For the record, (a) did not work out at all. I was able, after a lot of effort, to get Neo4J installed on a Raspberry Pi B+ but it crashed immediately as soon as it tried to handle its first query. I am told that it works much better on Java 8 on the Raspberry Pi 2, but I will have to wait for my Raspberry Pi 2 to arrive to verify this. I relocated my efforts to an EC2 instance in AWS and proceed to build my IMDB spider.

With (b) though, I had good success! 

NOTE: Source code can be downloaded from GitHub here.

Installing Neo4J

I launched an t2.medium EC2 instance in AWS with the stock Amazon AMI. I assigned it a security group that allowed TCP ports 22 and 7474 (for PuTTY and Neo4J Console respectively). I also assigned it an elastic ip so I would have a single fixed IP address to work with and not have to reconfigure PuTTY each time I restarted the instance. 

Once the instance was running and I had setup my local PuTTY with the AWS keys, I was able to log in and install Neo4J.

To download Neo4J you can go to their download page. If you try to download the community edition it will autodetect your operating system. If you are not running on a Mac/Linux computer this will be the wrong version for AWS. Instead, click on Other Release and download the latest community edition version for Mac/Linux. Once it has downloaded you can transfer it to your AWS EC2 instance using the PSCP command line tool that comes with PuTTY. 

Alternatively, you can start the download on your computer, and then find the actual source URL of the download (in Chrome by looking in the Downloads page for example.) You can then download Neo4J directly from the URL on your EC2 instance using wget:

wget -O neo4j.tar.gz 'http://neo4j.com/artifact.php?name=neo4j-community-2.2.1-unix.tar.gz'  

Once copied to your EC2 instance, all you need to do is untar the file:

tar xvf neo4j.tar.gz  

You should also modified your .bash_profile or .bashrc to export NEO4J_HOME and add Neo4J to your PATH for convenience.

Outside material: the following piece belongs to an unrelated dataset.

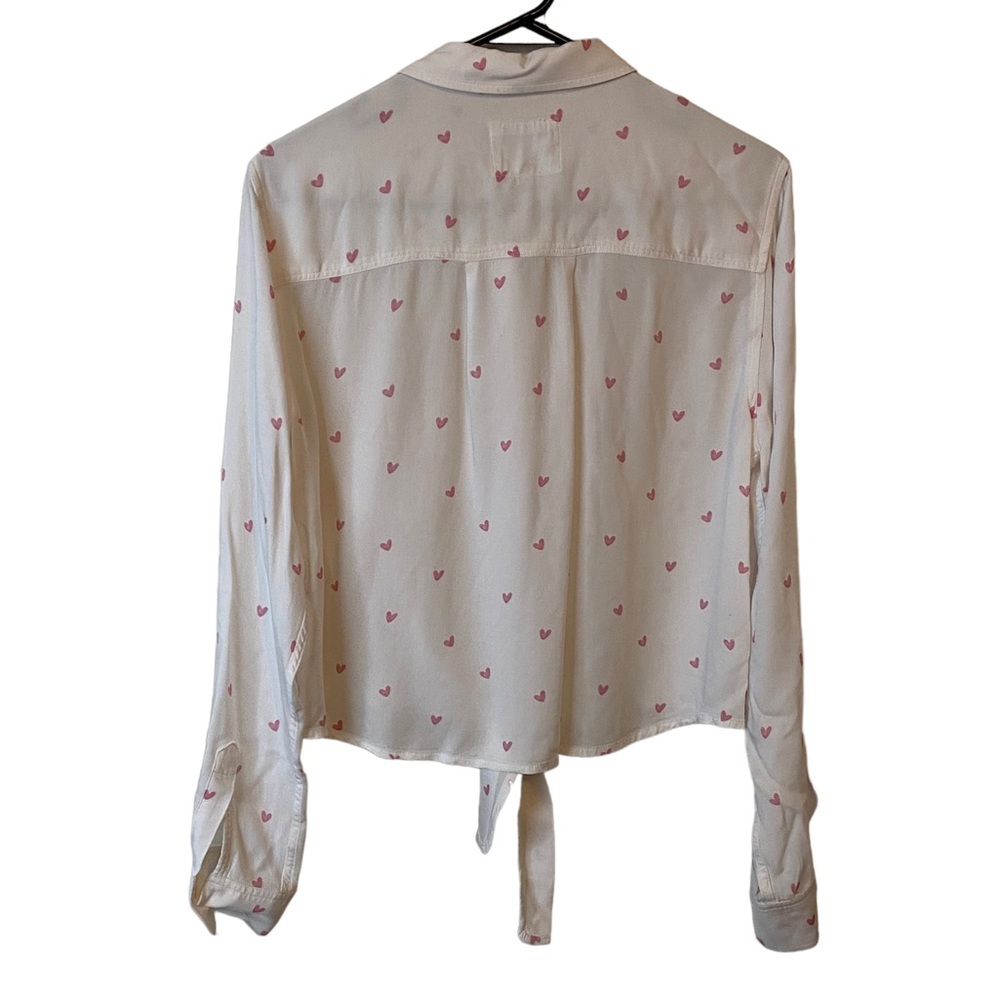 Rails Scribble Heart Button Down Shirt Tie Valent… - image 3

export NEO4J_HOME=/home/ec2-user/neo4j-community-2.2.1  
export PATH=$NEO4J_HOME/bin:$PATH  

You can confirm that Neo4J is installed by running the command:

neo4j status  

You can then start Neo4j by running:

neo4j start  

After Neo4J starts there should be a console available at:

<EC2 instance ip address>:7474/browser  

The console, among many other things, allows you to run Neo4J queries against your Neo4J. For the purposes of this project, you really only need to do two simple things. One, see all the nodes and node relationships:

MATCH (n)  
RETURN n;  

Two, delete all the nodes and node relationships in the database so you can run the crawler multiple times without conflicting data:

MATCH (n)  
OPTIONAL MATCH (n)-[r]-()  
DELETE n,r  

Installing Scrapy / py2neo

The next step is to install Scrapy and a library called py2neo on your EC2 instance. 

By default, AWS preinstalls pip, so you only need install Scrapy and some dependencies (found, as usual, by trial and error and repeated use of Google on my part.)

sudo yum install libffi-devel  
sudo yum install libxslt-devel  
sudo yum install gcc  
sudo yum install openssl-devel  
sudo pip install Scrapy  
sudo pip install service_identity  

Scrapy should now be installed on your EC2 instance.

After Scrapy, you can install py2neo which is a compact Python library for interacting with Neo4J from within a Python script.

The command to install py2neo is:

sudo pip install py2neo  

To test py2neo you can run the Python console:

sudo python  

And run this script:

from py2neo import Graph  
from py2neo import Node  
from py2neo import Relationship  
graph = Graph()  
stephen = graph.merge_one("Person", "name", "Stephen Mouring");  
kathryn = graph.merge_one("Person", "name", "Kathryn Mouring");  
stephen_loves_kathryn = Relationship(stephen, "LOVES", kathryn)  
graph.create_unique(stephen_loves_kathryn);  

(Feel free to substitute your own name and the name of a loved one if you are feeling particularly romantic...)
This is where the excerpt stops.